Problem
Media Server Deduplication and PureDisk (with or without PDDO) in some environments seem to perform much slower than expected.
Cause
Performance issues with MSDP or PureDisk may show up as:
1. Web GUI slowness for PureDisk.
2. Connections reset by peer, broken pipe type errors while running many backups or replication jobs
3. General slowness while accessing the system and especially the /Storage partition on PureDisk or the storage path for MSDP.
4. Slow backup performance.
5. Slow processing of tlogs. This can be seen by monitoring the storaged.log on PureDisk /Storage/log/spoold/storaged.log or on MSDP <storage path>\log\spoold\storaged.log. You can examine several runs of queue processing and find the number of transactions processed per minute:
<start> July 28 17:21:52 INFO [1077967168]: Synchronization for transaction log /Storage/queue/sorted-302776-303167.tlog started, 27898688 transactions pending. July 28 17:22:49 INFO [1077967168]: Transaction log 302776-303167: 100000 of 27898688 entries processed. ... <end> July 28 20:53:32 INFO [1077967168]: Transaction log 302776-303167: 27800000 of 27898688 entries processed. July 28 20:54:17 INFO [1077967168]: Number of data store commits: 1758 July 28 21:48:30 INFO [1077967168]: Time required to build index on objects2 table: 3253.408098 July 28 21:48:32 INFO [1077967168]: Time required to drop objects table: 1.632608 July 28 21:48:32 INFO [1077967168]: Time required to rename objects2 table to objects: 0.103928 July 28 21:49:14 INFO [1077967168]: Transaction log 302776-303167 Completed. Expect: 27898688 (1600.33MB) Commit: 27898688 (3682.29MB) Retry: 0 Log: /Storage/queue/sorted-302776-303167.tlog SO: Add 15880, Ref Add 5195366, Ref Add Fail: 0, Ref Del 22686294 DO: Add 26, Ref Add 31, Ref Add Fail: 0, Ref Del 0 TASK: Add 37, End 27, End All 1, Del 0 DCID: SO 1026, SO Fail 0, DO 0, DO Fail 0 MARKER: 0, Fail 0
A server with the recommended performance levels should be able to do 190,000 transactions per minute or better.
6. Slowness loading the cache after restarting the PureDisk/MSDP services or a reboot. This will show up in the spoold process not being able to accept connections until the loading the cache for the containers into ram is complete.
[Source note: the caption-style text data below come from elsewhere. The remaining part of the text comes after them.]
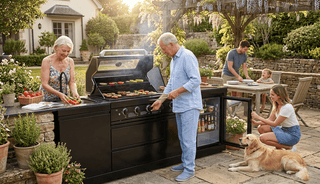4 Burner Outdoor Kitchen Island Gas Grill with Refrigerator, Wine Cooler, Sink & Rotisserie – Stainless Steel BBQ Grill 85,000 BTU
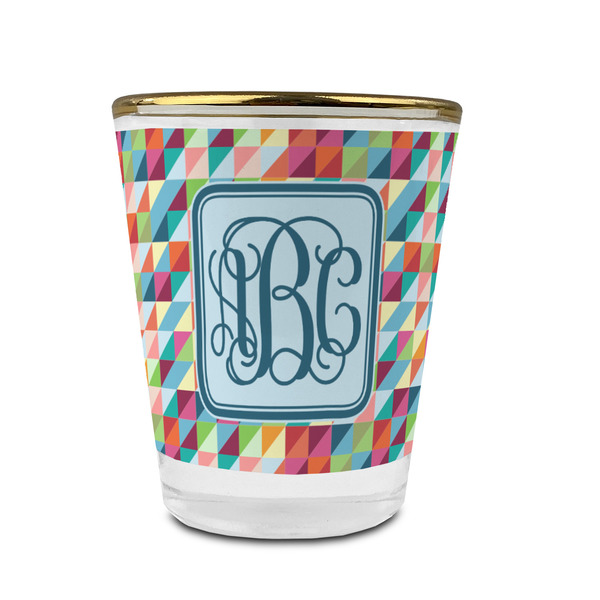 Retro Triangles Glass Shot Glass - With gold rim - FRONT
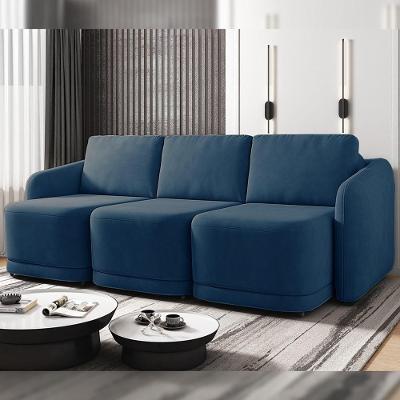Sofá Cama Varsóvia Retrátil e Reclinável 276cm Azul Marinho Veludo Gran Belo
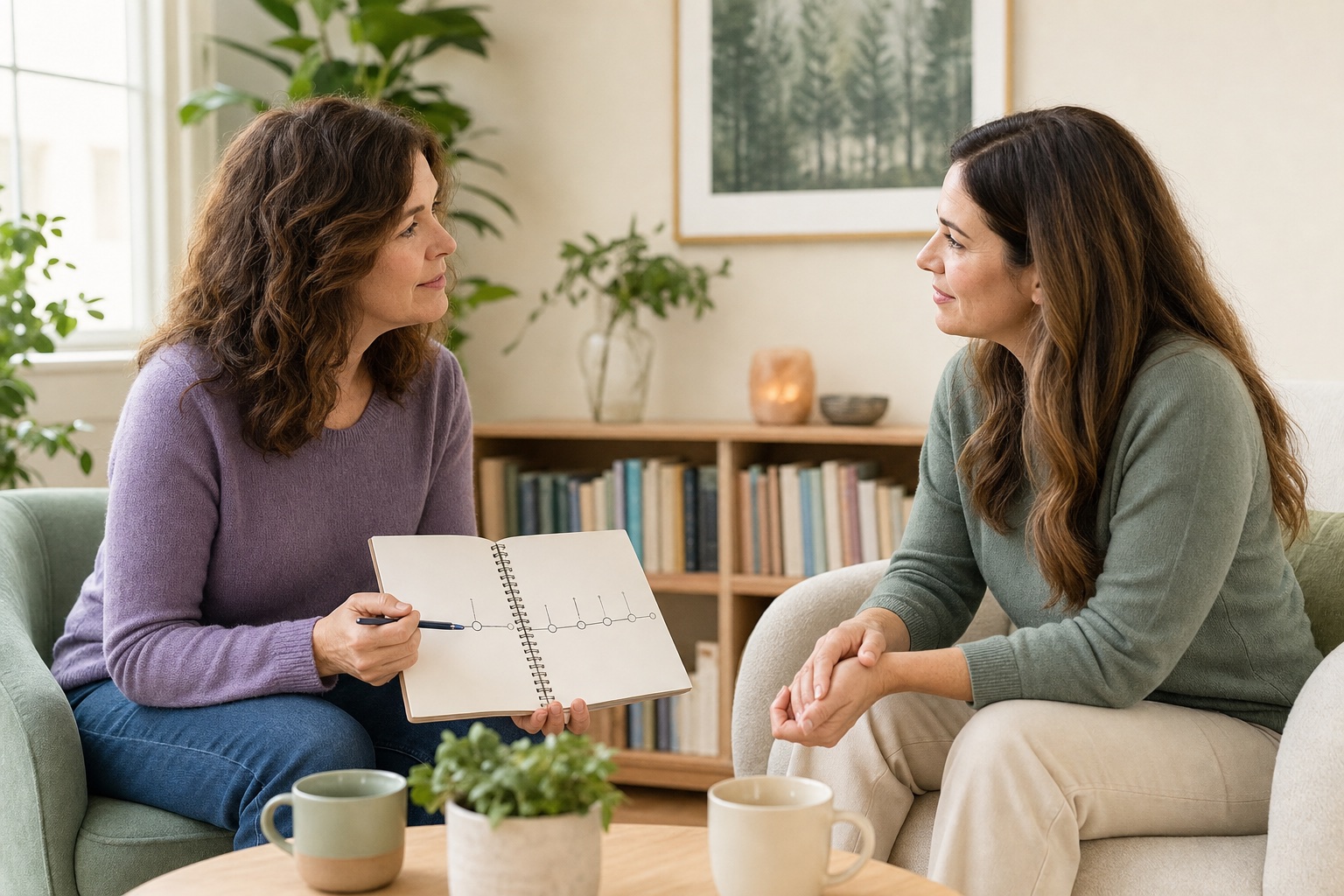 A woman discussing a simple symptom timeline with a supportive healthcare professional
7. If using PDDO/MSDP it will show up possibly as status 84, 83, 213, 800, 801, 2104, and maybe other status errors relating to the disk pool as being down, not available or not writable/readable. If you experience any of these issues it would be good to check the underlying disk performance. This is not intended to replace any other troubleshooting you may need to do in the environment to asses the issue but if the underlying hard disk performance is below our recommended levels it will be seen in the conditions mentioned above.
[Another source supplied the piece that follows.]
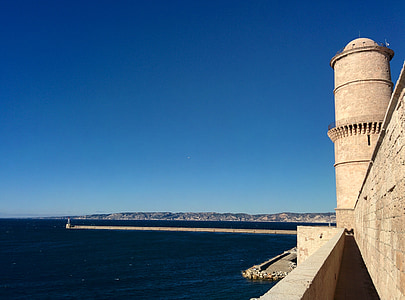 Saint jean, Marseille, dvorac, utvrda, more, arhitektura, Stari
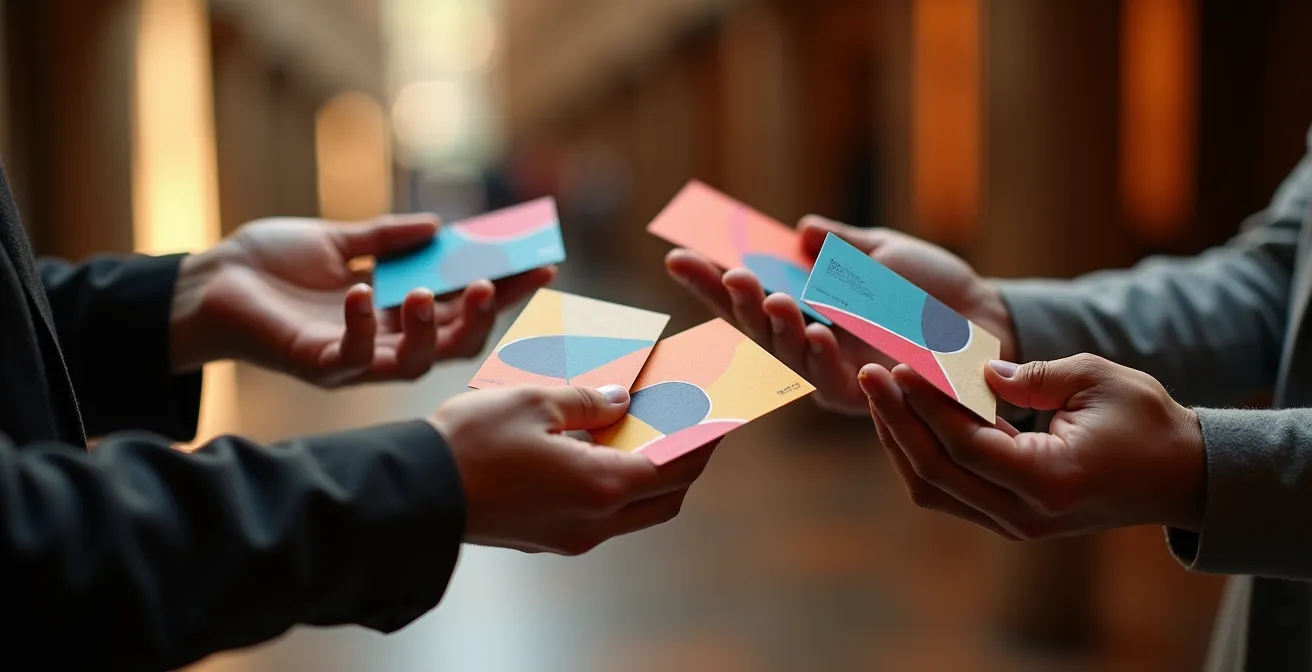 Mains tenant différentes cartes d'abonnement de théâtres avec arrière-plan flou de hall de théâtre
The requirements from Symantec NetBackup PureDisk Getting Started Guide, pages 32 - 33:
http://www.veritas.com/docs/TECH126976
Hard disk speed recommendations for PureDisk 6.6
The read and write speeds of the hard disks in the storage pool affect overall PureDisk performance.
To determine disk speed
1 To determine the speed of the drives in the storage pool, run the following command:
time (dd if=/dev/zero of=/Storage/data/xyz bs=64k count=409600; sync)
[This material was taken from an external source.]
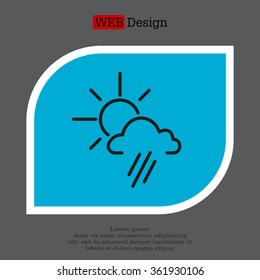 weather icon. sun behind the cloud with rain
2 The output looks similar to the following:
409600+0 records in
409600+0 records out
----------------------
speed=26843545600/110.9 = 225.5MB/sec
Computers with disk speeds greater than 200MB per second have optimal read and write performance for PureDisk.
Computers with disk speeds between 150-200MB per second have sufficient read and write speed for PureDisk.
Computers with disk speeds between 100-150MB per second have some operations with degraded performance.
Computers with disk speeds less than 100MB per second experience poor performance. Improve disk reads and writes before installing and running PureDisk.
The requirements from our Symantec NetBackup™Deduplication Guide guide page 53 - 54:
http://www.veritas.com/docs/TECH135526
Hard disk speed recommendations for MSDP
About deduplication storage requirements
The following defines the storage for the NetBackupMedia Server Deduplication Option:
Storage media Disk, Storage area network (SAN), direct-attached storage (DAS), or internal disks
Connection
Minimum performance 130 MB/sec minimum read and write
The storage must be configured and operational before you can configure deduplication in NetBackup.
NetBackup requires exclusive use of the disk resources. If the storage is used for purposes other than backups, NetBackup cannot manage disk pool capacity or manage storage lifecycle policies correctly. Therefore, NetBackup must be the only entity that uses the storage.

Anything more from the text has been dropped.